The basic problem is that business-essential data transfers are caught between a rock and hard place: EU law on the one hand, and U.S. surveillance on the other. Neither side currently seems willing to shift, but they are mutually exclusive. One solution could be for the companies concerned to host European data on servers within Europe, but only ‘a fraction’ have moved towards doing so.
Schrems II is the outcome of the European Court’s ruling over a case involving Ireland’s Data Protection Commissioner, Facebook, and Max Schrems. This invalidated the EU-U.S. Privacy Shield (which had replaced the earlier Safe Harbor mechanism which had itself been invalidated largely through the actions of Schrems).
But Schrems II also casts doubt on the validity of Standard Contractual Clauses (SCCs) as used by Facebook and others. Schrems argued that the transfer of Facebook data to its headquarters in the U.S. would make European personal data available to the surveillance of U.S. intelligence agencies. This, claimed Schrems, would be in violation of GDPR and EU law in general. The court agreed.
Technically, SCCs are still valid but with provisions. Ultimately, the U.S. party would need to guarantee the data against U.S. intelligence agency surveillance – but since this is not possible, the SCC fails.
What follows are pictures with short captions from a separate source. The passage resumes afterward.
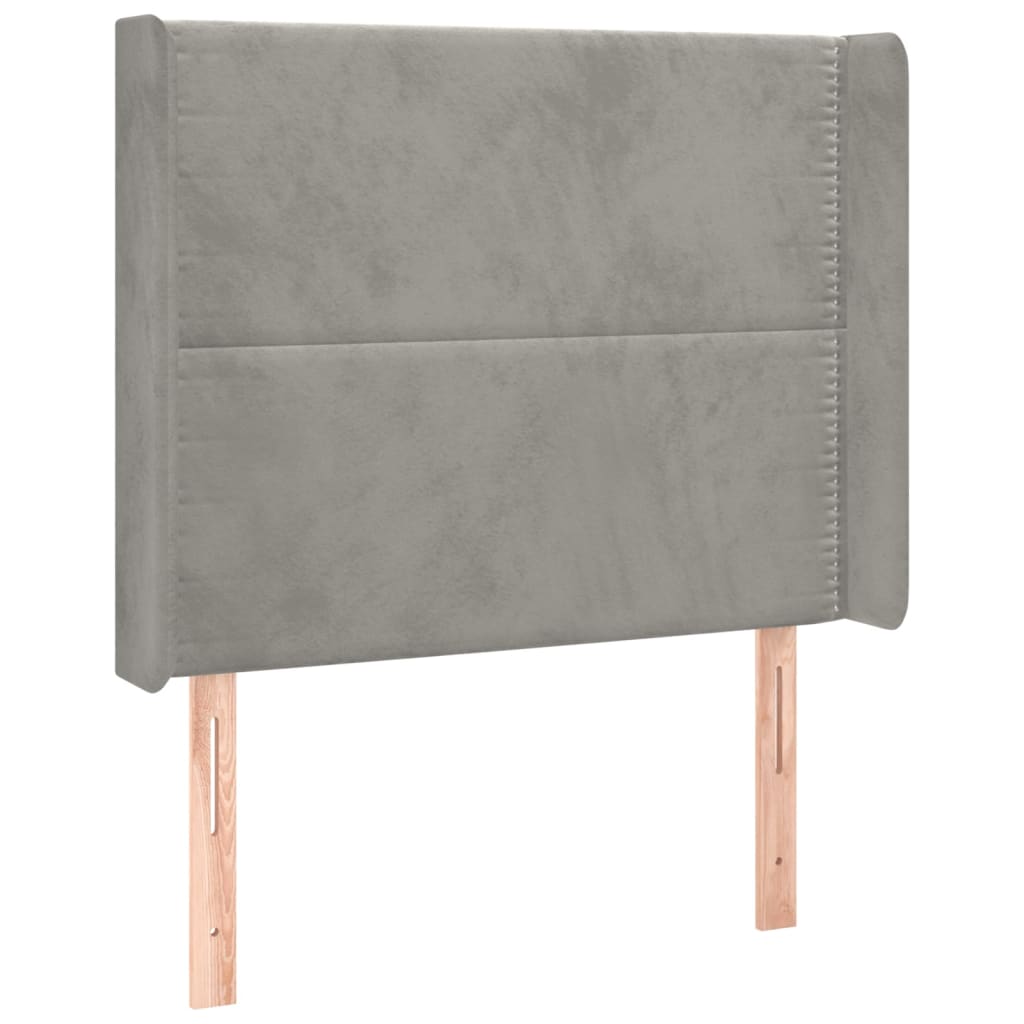Čelo Postele Typu Ušák Světle Šedé 103X16X118/128 Cm Samet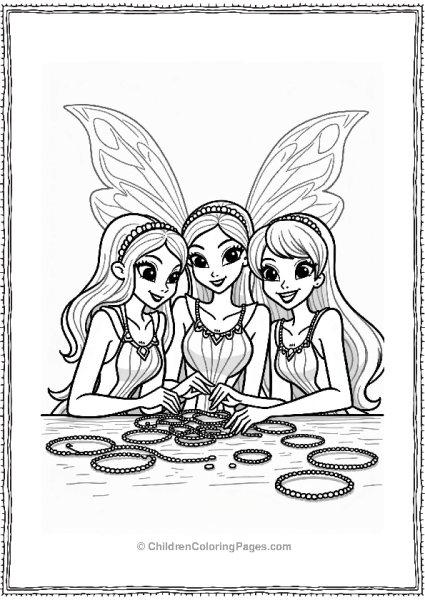 Winx Club Crafting Colorful Bracelets Together Free PDF Printable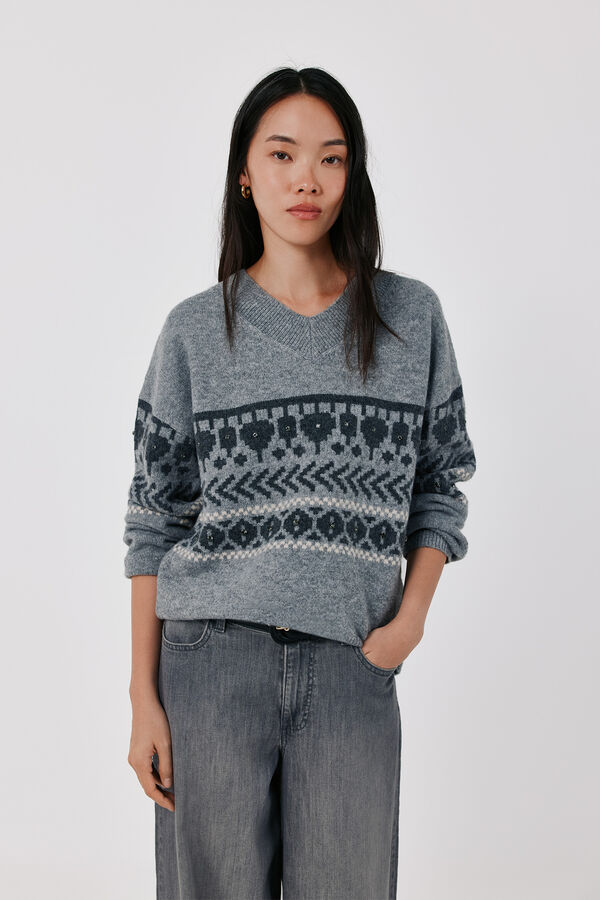 Cortefiel Jacquard gemstones jumper Grey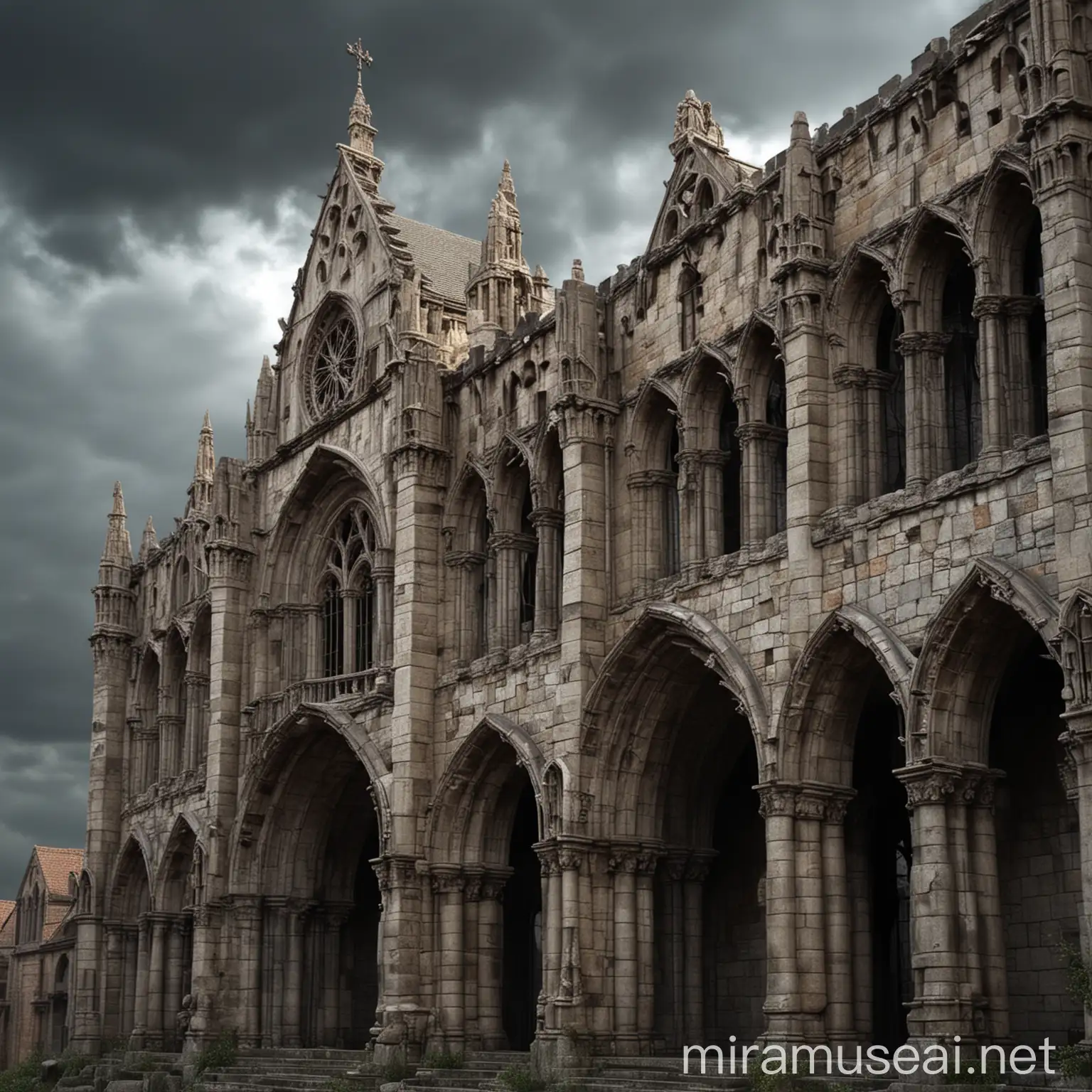 Temple of Minerva Medica in Gothic Style, Dark Ages, Gothic architecture, the gargoyles, Flying Buttresses, Exterior shot, Realistic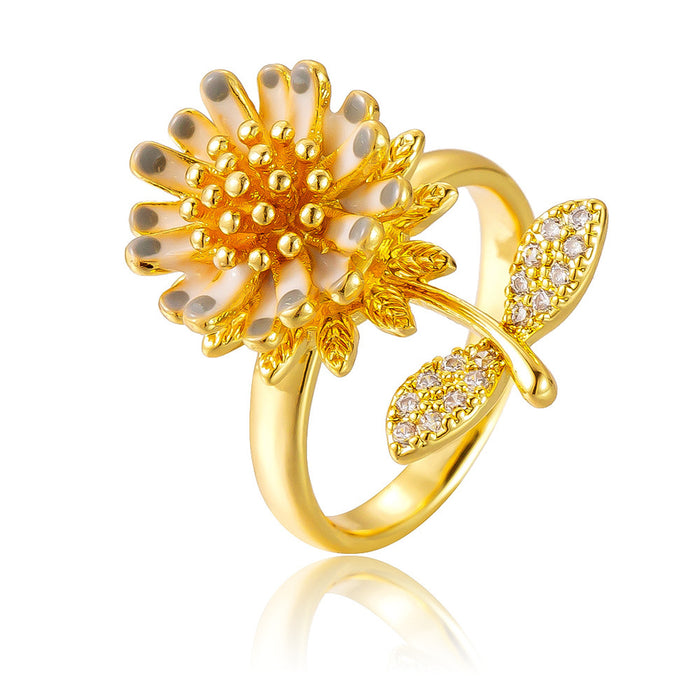 Wholesale copper micro-painted drip sunflower flower rotating open ring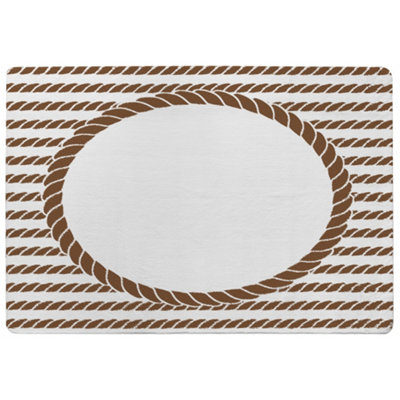 Benjamin Tate Design Rope Border Special Soft Home Rug from B&Q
It is a difficult problem to solve – so difficult that Schrems believes the primary route taken by both sides is to ignore the issue, claim it is unrealistic, and concoct “increasingly crude legal theories”. These range, says Schrems, “from the existence of a ‘risk-based approach’ (which is not present in the relevant part of the GDPR) to the suggestion of non-functional ‘supplementary measures’ (like having fences around data centers).”
Companies are saying that the regulations are too complex to implement, while, says Schrems, “The European Commission is muddying the waters by issuing new transfer tools, like ‘Standard Contractual Clauses’, that carefully bypass a clear say on EU-US transfers and allow industry lawyers to keep spinning new compliance theories and avoid long-term solutions.“ The European Data Protection Authorities are adopting a wait and watch position, while the U.S. authorities regularly announce ‘progress’ in negotiations with little or no appetite to change the root problem of U.S. intelligence agency surveillance.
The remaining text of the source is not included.